→ Prompt
Leave out the pictures and restate the rest of the data exactly.

→ Information supplied
+ + + + + + +

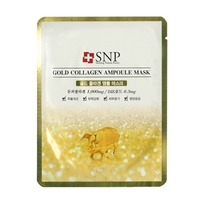 [SNP] ★1+1★  Ампульная маска с золотом и коллагеном Gold Collagen Ampoule Mask 25ml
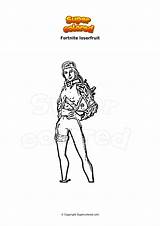Fortnite Loserfruit Ausmalbild Coloriage Supercolored Pages sketch template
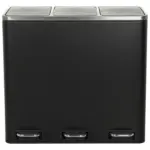M&ouml;belix Abfallsammler Clean IX Schwarz B: 61 cm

+ + + + + + +

→ Response
 [SNP] ★1+1★  Ампульная маска с золотом и коллагеном Gold Collagen Ampoule Mask 25ml
Fortnite Loserfruit Ausmalbild Coloriage Supercolored Pages sketch template
M&ouml;belix Abfallsammler Clean IX Schwarz B: 61 cm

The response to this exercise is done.